I was three minutes behind the first wave on May the seventh, 1965. It wasn’t long before we’d formed in fire teams and squads in the Villes, training and adding some muscle to the Ruff Puffs, a kind of home guards. We’d put a stop to the VC tax collectors. The rice, pigs and dried fish stopped and the local VC were getting mighty hungry.
Then Westmoreland started throwing his weight around. We formed back into companies and battaillions and went out in the bush. Westmoreland’s method of finding the enemy was to send us out, wandering through the bush until we “found” a unit of VC or NVA by walking into an ambush. They’d cut loose, we’d take a few WIA and KIA , their best fighters would split leaving their sick and infirm behind to act as a rear guard.
That was my war, right up to Tet of ’68. My second tour was cut short due to a little bad luck during the Hill Fights in ’67. By Tet I was back over there in a cush job in a Regimental Arms Locker. They swept through, dragged me out of the rafters where I was trying to be inconspicuous and we went to Hue. There rifle squads that were half truck drivers, clerks, jerks and cooks and bakers climbed the walls and killed the gooks. We also found thousands of students from the university bound and shot through the head.
The best and brightest were not in Washington, DC. And the baby boomers were not at Woodstock. We were over there scratching leech bites. The flower of the baby boom were not in the antiwar marches. They were bleeding out in the mud, waiting for Dustoff.
If Westmoreland had only been smart enough to listen to Silent Lew, we would have won that fight. It is my ambition to piss on his grave.
Peter says:
“We also found thousands of students from the university bound and shot through the head.”
A foretaste of Pol Pot? Holy, holy cow, how completely dreadful. But if Jane Fonda and Kerry had only known….

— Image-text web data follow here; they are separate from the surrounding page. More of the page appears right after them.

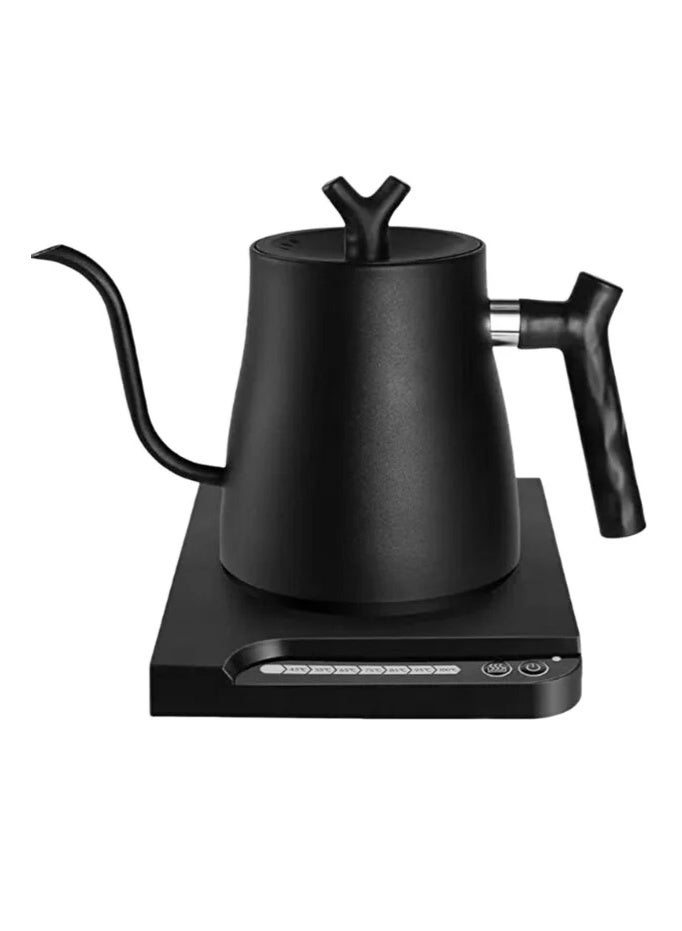 Doppio Electric Gooseneck Kettle 1000ml – Precision Pour Over Kettle with Temperature Control & Keep Warm Function – Matte Black
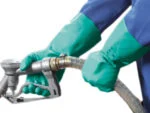 Nitril Arbeitshandschuhe, chemikalienbeständig, Größe 9 L, 33 cm – Sol-Vex – Bild 2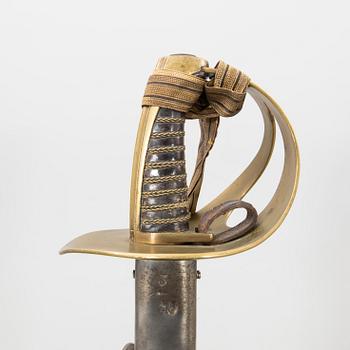 Saber, Swedish, 1854  cavalry, pattern. with scabbard.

One of the reasons why Peter Pace and Petraeus were looked favorably upon by certain elements is because once they reached a high enough rank, they could start kicking out the desk kissers, the booty lickers, the incompetents, and promoting the real warriors to replace them. Superiors with their rank decides the promotion list, nobody else. And for much of history, promotions have been decided by people who were able to play the political game better than the warriors. America has been in more wars and engagements than most, but not nearly enough decisive ones to determine who is or isn’t a bad military commander.
Part of losing war is political problems. The other part is the military problem inherent in incompetents residing at the chain of command: the very top. Ft. Hood is one example of how diversity from the chain of command blew up in people’s faces, but the commanders and general responsible for the “ignore gays and Muslim problem people” are perfectly fine. Somehow.
But if Jane Fonda and Kerry had only known….
They would have joined Dohr and Ayers for a drink at their mansion. A toast to dead capitalists.